To qualify as a barrister the most common route is to have a LLB degree (from a University recognised by the Bar Standards Board) and thereafter successfully complete a one year vocation training called 'Bar Professional Training Course' (BPTC). Most people in Bangladesh prefer to do their LLB here under international programme/external system and then go to UK to do the BPTC as it significantly reduces cost. Therefore before one engages in such a costly education one needs to understand the advantages and disadvantages of pursuing this education track which I discussed below.

First, it is an expensive education track, even though the skills learnt thought the BPTC course is useful, on a balance it does not justify the cost. Our Bar Council can easily follow the English model and start a one year vocational training like the BPTC, so that a law graduate can learn these skills locally without going to the UK. You can find here The UK Solicitors. Also it should be noted that not all the skills learnt cannot actually be applied here due to differences in our 'litigation culture' .Second, it gives no benefit in terms of enrollment as an advocate, whereas in Pakistan and Malaysia a barrister gets exemption to practice in the courts without sitting for further professional exams. Under Bangladeshi regulations, a barrister will have to go through the same process as a local LLB graduate to qualify as an advocate. Third, in the beginning of practice a young barrister is not familiar with laws of Bangladesh. It should be noted that for practical purposes, law in practice is very different from law as studied in law text books, ultimately both foreign graduates and local graduates learn from experience and practice in the courts.

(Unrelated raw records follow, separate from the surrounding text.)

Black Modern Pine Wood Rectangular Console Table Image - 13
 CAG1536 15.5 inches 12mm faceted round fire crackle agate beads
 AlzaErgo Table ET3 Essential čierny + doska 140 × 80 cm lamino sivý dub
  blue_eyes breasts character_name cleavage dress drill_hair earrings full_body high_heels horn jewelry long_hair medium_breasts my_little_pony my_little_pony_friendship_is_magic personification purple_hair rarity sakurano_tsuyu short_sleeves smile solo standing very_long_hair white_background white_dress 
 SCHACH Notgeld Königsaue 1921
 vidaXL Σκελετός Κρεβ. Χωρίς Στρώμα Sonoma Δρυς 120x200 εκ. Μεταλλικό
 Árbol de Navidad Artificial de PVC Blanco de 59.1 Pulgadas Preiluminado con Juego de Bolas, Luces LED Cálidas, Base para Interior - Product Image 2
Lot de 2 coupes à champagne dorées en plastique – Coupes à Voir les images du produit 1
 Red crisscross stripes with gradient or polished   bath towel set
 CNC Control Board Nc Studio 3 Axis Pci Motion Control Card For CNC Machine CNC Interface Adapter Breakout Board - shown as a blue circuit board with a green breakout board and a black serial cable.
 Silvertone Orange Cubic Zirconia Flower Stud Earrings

Now considering the other side of the motion; the BPTC course develops practical skills such as advocacy, drafting, legal research, client conference, legal ethics etc. A local candidate after studying LLB is directly pushed into professional arena with little professional training. A barrister having these skills finds himself at a competitive advantage over the local candidates. Second, at the LLB stage (under English law curriculum), students are forced to apply their mind and think about the law; they are taught to analyse and interpret law. By contrast the local syllabus tends at making students memorize a lot of law without developing a sharp legal mind. Thirdly, barristers have knowledge about a developed legal system. Therefore, if he wants to engage himself in the process of legal reform he is more likely to think out of the box and propose solutions to remedy the loopholes in our existing legal system, which is backdated and needs major reform. Fourth, if one practices at the Supreme Court, barristers find it much easier to deal with some area of law like Constitutional, admiralty, company law etc, as they are familiar with the English principles which are often applied by our Supreme Court. Finally, clients sometimes prefer barristers over advocates. This is non-sense of course; an advocate can be equally good or better than a barrister if he understands the law and procedure and knows the art of advocacy. But it is a left-over of our colonial legacy and not surprisingly many practicing advocates want to become a barrister to get that professional edge.

Ultimately, it's a personal choice. The seats in public universities are limited and the private law schools have a lot to be desired. While I do not personally see any harm in pursuing foreign legal education one should be mindful of the fact that, our own law schools and the Bangladesh Bar Council must work together to modernise the syllabus and provide practical education to new graduates so that their entry into the legal profession is not met with hurdles and frustrations.